El féretro con sus restos mortales fue conducido a hombros de algunos de sus familiares y también de sus compañeros de la Brilat, pero la iglesia se quedó pequeña para albergar a todos los asistentes. Los padres del joven soldado, así como su hermana y su novia, también de la base de Figueirido, en Pontevedra, entraron juntos y sus rostros denotaban el sufrimiento y cansancio desde que sucedió el trágico suceso.

Las muestras de dolor y las lágrimas fueron las protagonistas de todo el funeral, que se prolongó durante una hora.
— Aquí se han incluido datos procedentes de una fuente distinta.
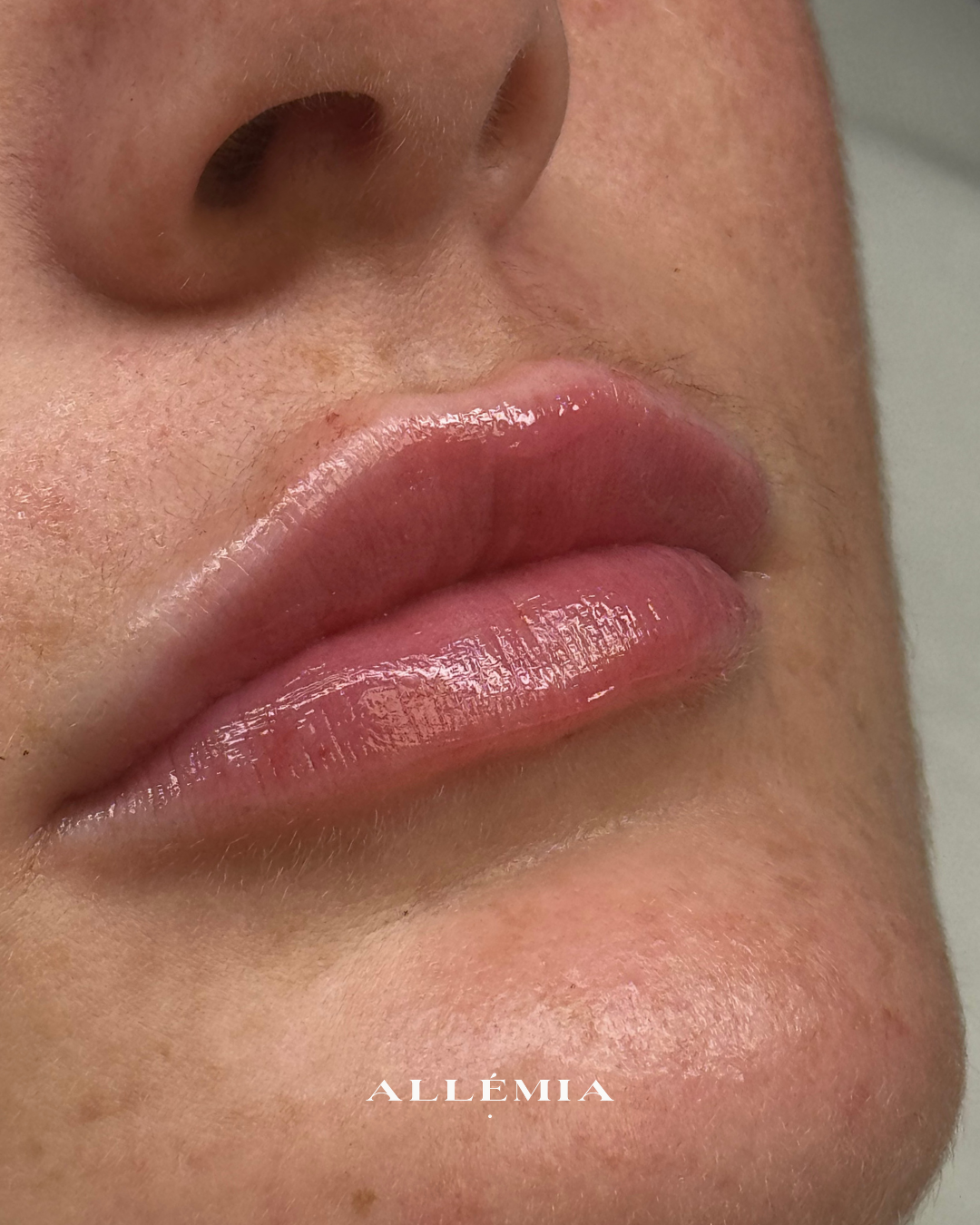 Lip filler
El capitán Quinteiros, de la base de Figueirido, así como numerosos cabos, sargentos y soldados, algunos de los cuales viajaron a Cudeiro el viernes para velar el cadáver de Diego y acompañar a su familia, tampoco pudieron evitar el sufrimiento por la pérdida del compañero.

Entre los asistentes se encontraban el vicepresidente de la Xunta de Galicia, Anxo Quintana; el conselleiro de Medio Ambiente, Manuel Vázquez; el presidente de la Diputación Provincial, José Luis Baltar; el alcalde de Ourense, Manuel Cabezas, y el subdelegado del Gobierno, Camilo Ocampo, así como los máximos representantes provinciales de la Delegación de Defensa y de las policías local, nacional y autonómica, entre otros muchos concejales, alcaldes, y delegados de la provincia, que dieron el pésame a los familiares del soldado.

Aplausos por su labor

Tanto a la llegada del féretro a la iglesia de San Pedro, como a su salida, los asistentes protagonizaron sendos emotivos aplausos en reconocimiento a su trayectoria profesional en los últimos años.

Al término del funeral, sus restos mortales fueron trasladados, con la escolta de agentes de la Policía Local, hasta el cementerio de Santa Mariña, en el que fue enterrado en un acto mucho más íntimo.